Before returning the data, strip out the pictures and keep everything else exactly the same.

■ **RAW DATA**
────────────────

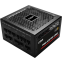 Блок питания 750W CBR PSU-ATX750-12MG
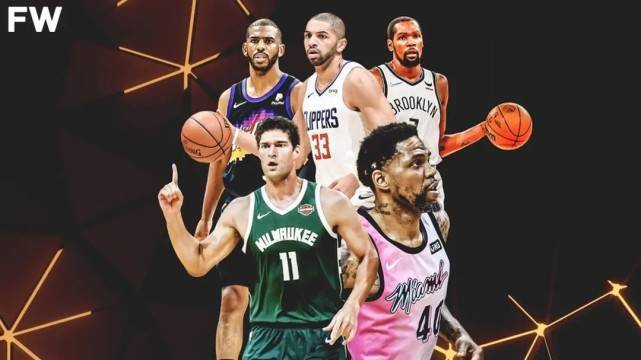 与停球失衡 与停球失衡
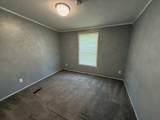 36 Cook Road - Photo 18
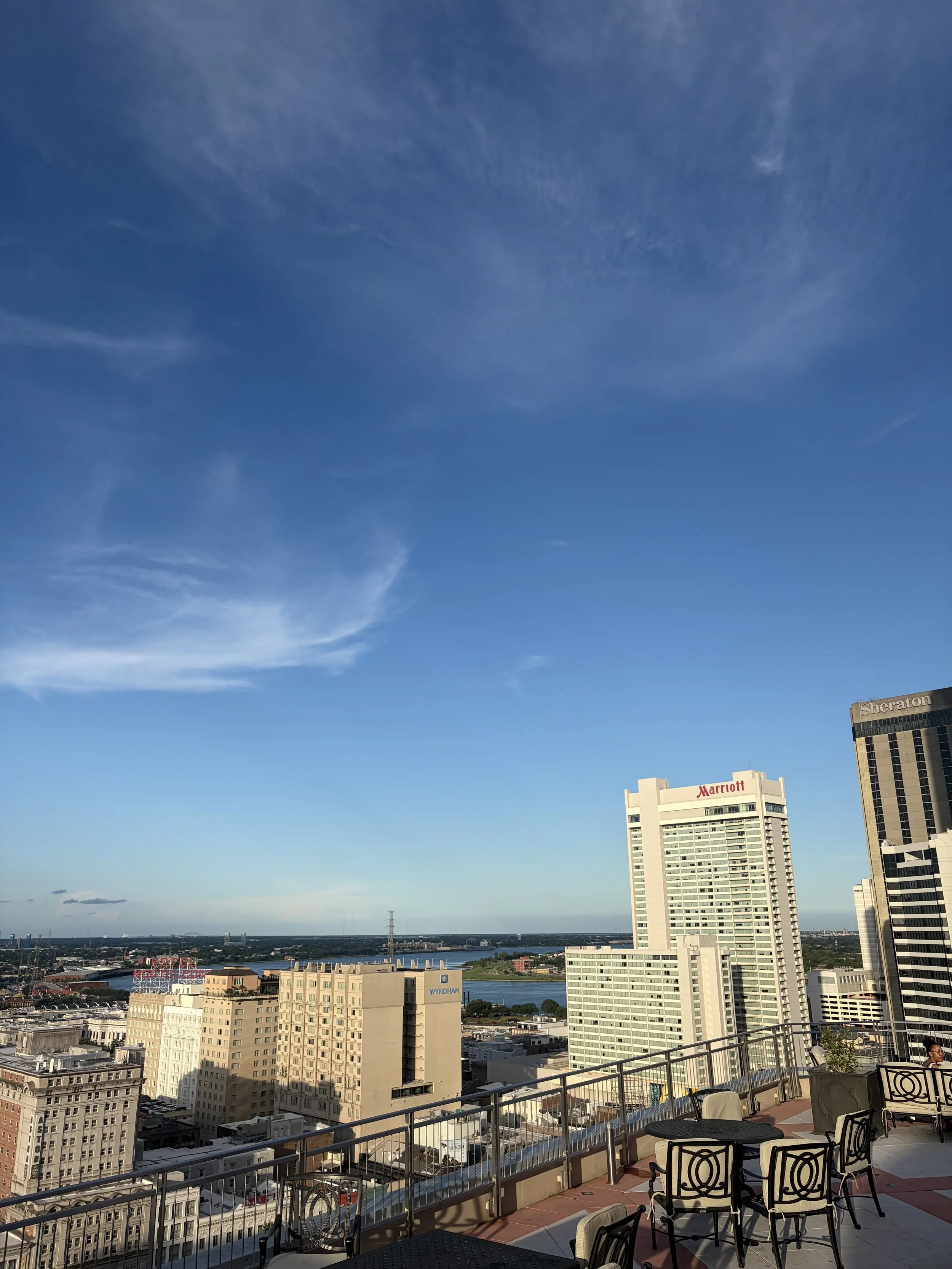 rooftop nola.jpg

────────────────

■ **RESULT OF THIS TASK**
 Блок питания 750W CBR PSU-ATX750-12MG
 与停球失衡 与停球失衡
 36 Cook Road - Photo 18
 rooftop nola.jpg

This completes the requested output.